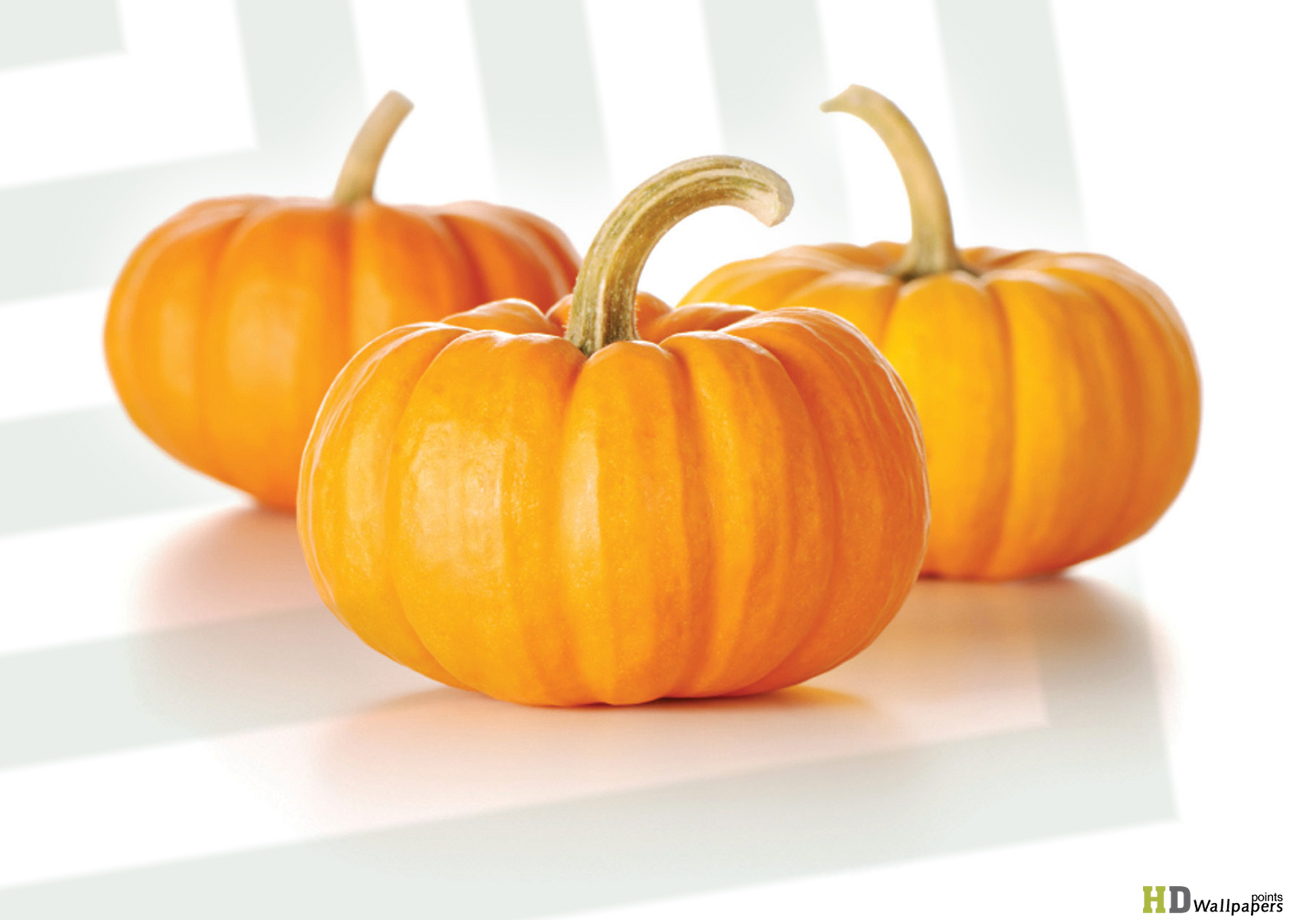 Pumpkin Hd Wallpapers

* * *

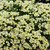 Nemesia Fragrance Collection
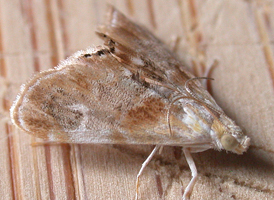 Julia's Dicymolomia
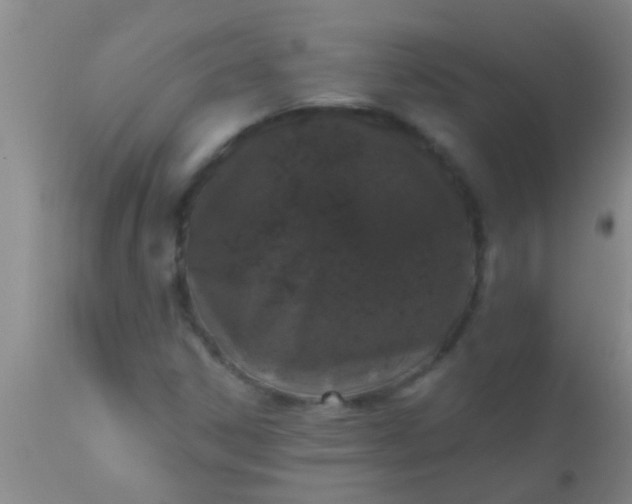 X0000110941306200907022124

PROMPT:
Using the records above, return word for word the lines that begin at the one containing "Julia's Dicymolomia" and end at the one containing "X0000110941306200907022124", both of them included and no pictures.

ANSWER BOX:
 Julia's Dicymolomia
 X0000110941306200907022124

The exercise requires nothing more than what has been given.